We were friends when we were kids and we’ve been together for nearly 17 years.

Is it hard to be in a band with your wife?
Being in the band together is not what I thought it would be. When we’re writing or making decisions we can both be extremely stubborn. And being onstage together is weird because you don’t see each other acting like that in a normal, everyday situation. But it’s really nice that you’ve got someone you like to be around that’s as dedicated to the band as you are. The good outweighs the bad.

You’ve said you don’t do any drugs, which is a contrast with a lot of great doom bands from Sabbath to Electric Wizard that have made drugs a large part of their aesthetic.
I’m not against people taking drugs. We just live in quite a small town and I’m such a square I don’t even know where to buy them from. But I’m really intrigued by acid and I’m really amazed by all the stores from bands who did it a lot in the 60s. I’m just scared shitless of it because I know that I’d be that guy who takes it and his mind falls out of his ear and he spends the next 10 years trying to climb inside of his shoe. But I’ve tried pot. I saw Electric Wizard for the first time in 2002 and I was so stoned I was leaning against one of the pillars in the venue all night. And the next morning my jaw was stuck over the other side of my face. And I didn’t notice that someone threw up down my back.

How did you want No Light, Only Fire to be a development from God Curse Us?
The main thing we wanted to do was make a record that was slightly different than God Curse Us. When we made that album I was looking for the perfect slow doom record. And once we did that for a whole album, we found ourselves naturally writing slightly faster songs.

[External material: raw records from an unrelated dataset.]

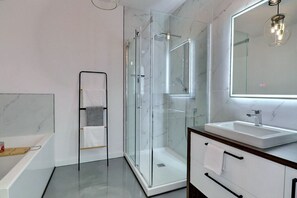 A modern bathroom with a glass-enclosed shower, a white sink, and a large mirror. - Condos Monts-Valin -153, rue du Massif (Valinouët) (Le Fjord-du-Saguenay Regional County Municipality)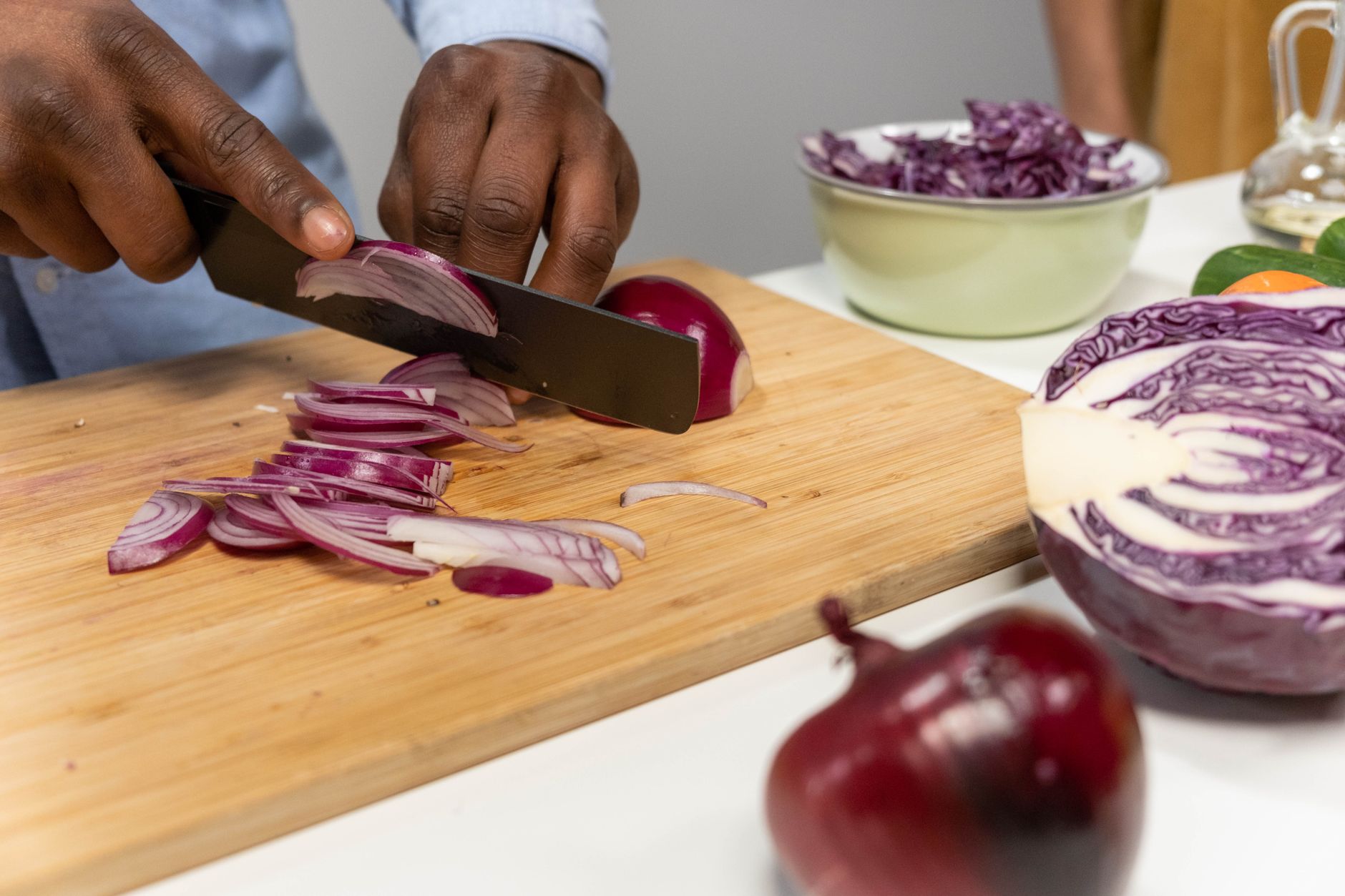A person chops vegetables on a cutting board in a bright kitchen with fresh ingredients like tomatoes and spinach on the counter.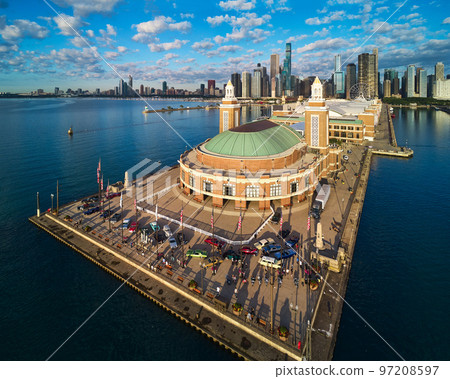 Vintage cars cover end of Navy Pier during morning light in Chicago with downtown skyline in background Vintage cars cover end of Navy Pier during morning light in Chicago with downtown skyline in background 97208597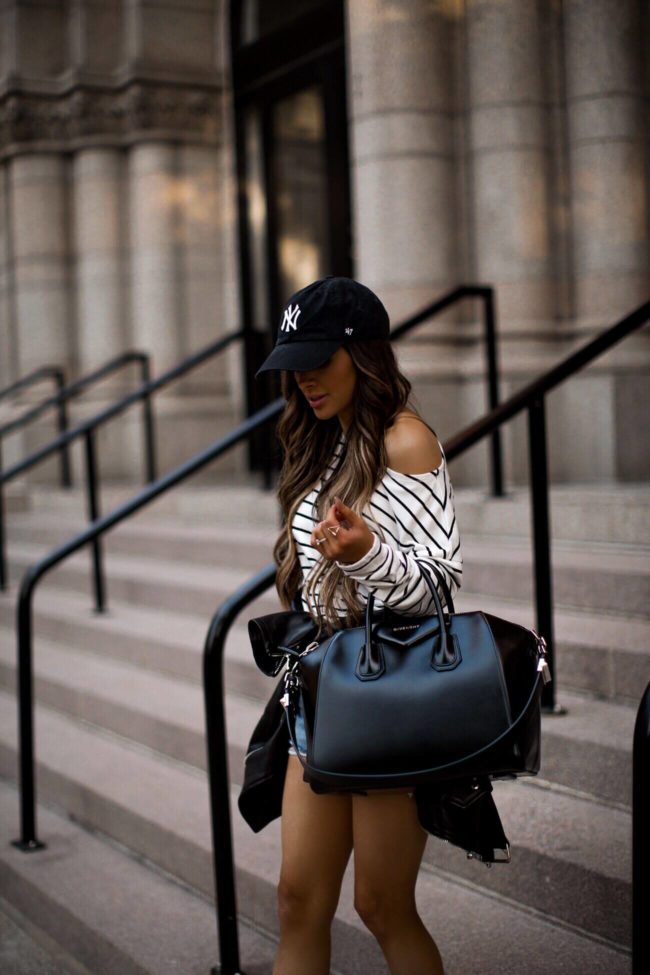 fashion blogger mia mia mine wearing a givenchy antigona bag and a striped top from H&M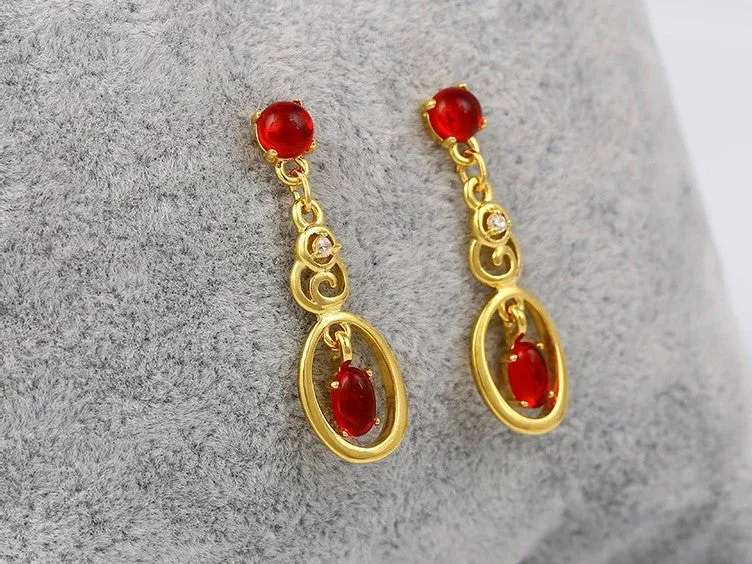 Fashionable long earrings with red ruby stones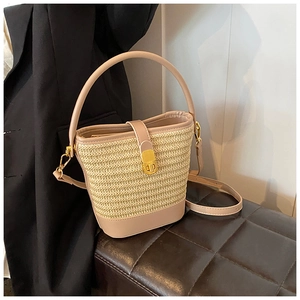 Detail of woven straw bucket bag with smooth leather trim and golden twist lock closure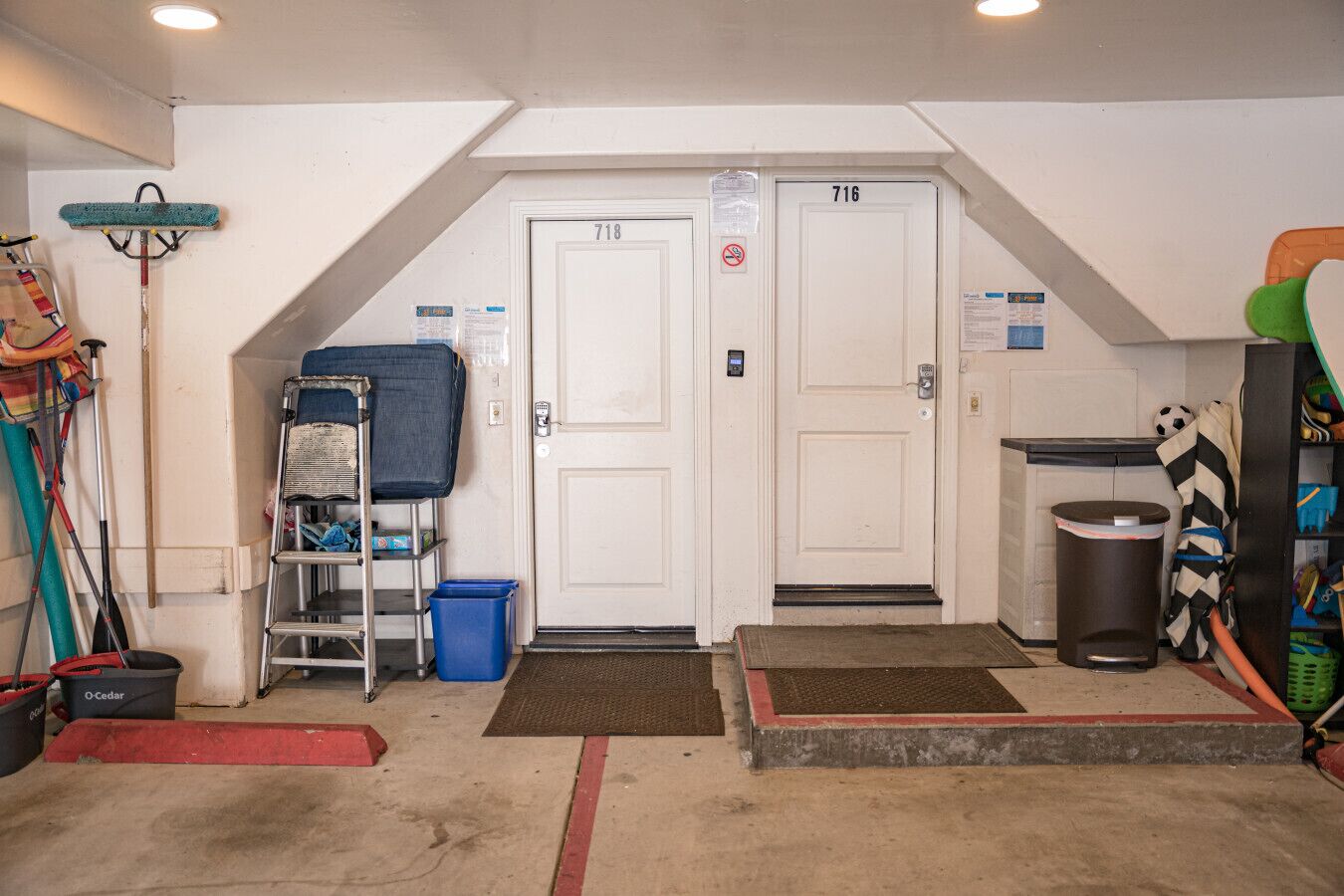 Un petit garage fermé, doté de deux portes blanches, d’une poubelle bleue, d’une échelle en métal et de divers outils de nettoyage.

What’s the significance of the new album title?
I quite like that idea of switching out the light at the end of the tunnel. Then we came up with the idea, “What if there was a light at the end of the tunnel and when you entered it you found that it was a nuclear explosion? God Curse Us was all about me wanting the apocalypse to happen. When we were writing it I was really miserable. Everything seemed so completely bleak and horrifying. The only thing that was good in life was making the record. And when we started this one I was like, “Well, the world didn’t end, but everything’s still here and it’s all terrible.” So it was more a case of accepting how shitty things are and how bleak and unchangeable the world is. But at the same time, it’s about being really grumpy and pissed off that society has come to that.